Una chiesa viene dismessa alla presenza del vecchio parroco. Mentre fuori s’odono costantemente bombe, minacciosi elicotteri e sirene, un gruppo di immigrati irregolari s’intrufola per cercare riparo. Il prete li protegge, ma la delazione del sacrestano e le continue intromissioni di un vigilante li spingeranno a fuggire.

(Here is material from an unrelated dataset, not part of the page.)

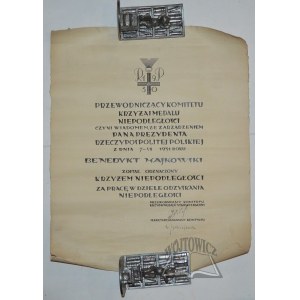 (DIPLOMA for the awarding of the Cross of Independence).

Quattro anni dopo aver dichiarato che Centochiodi (2007) sarebbe stato il suo ultimo film di fiction, Olmi torna sui suoi passi portando in scena una storia scritta in collaborazione con Claudio Magris e monsignor Gianfranco Ravasi. La metafora è chiara, necessaria: scordati i valori cristiani sui quali fu edificata, in primis quello dell’accoglienza, la chiesa rivive soltanto tendendo la mano verso gli ultimi per eccellenza di questi oscuri tempi nostri, ovvero i migranti. Persa nei suoi riti, sembra aver perso di vista la propria utilità, il proprio ruolo di aiuto pratico, come sottolinea la straordinaria sequenza in cui i migranti spostano l’acquasantiera (emblema del rito) per raccogliere la pioggia che cade da un buco nel tetto (l’aiuto reale, pratico, che migliora l’esistenza di chi vi ricorre). Con uno stile essenziale, lontano dagli stereotipi del cinema odierno, Olmi ha fatto uno film sussurrato e sincero, ambientato in un mondo in guerra che non ci viene mostrato (gli unici spazi che vediamo sono la chiesa e l’adiacente abitazione del parroco) ma del quale sentiamo in continuazione rumori per niente rassicuranti (temporali, bombe, elicotteri, sirene), evidentemente ipotetico (fantascientifico?) eppure perfettamente in linea con questa attualità crudele e colma di conflitti. Il racconto non è propriamente un racconto leggero o scorrevole, e alcuni personaggi potevano essere approfonditi meglio, ma il messaggio arriva potente. L’illuminazione di stampo teatrale (curata da Fabio Olmi, figlio del regista) può piacere o non piacere, ma rende bene l’idea di assistere ad una serie di «quadri» tipici di questi tempi nostri. Girato dentro il palazzetto dello sport di Bari, nel quale sono state ricostruite le due scenografie. Dedicato a Suso (Cecchi D’Amico) e Tullio (Pinelli). “Se non apriamo le nostre case, compresa la casa più intima, che è il nostro animo, siamo solo uomini di cartone” (Ermanno Olmi).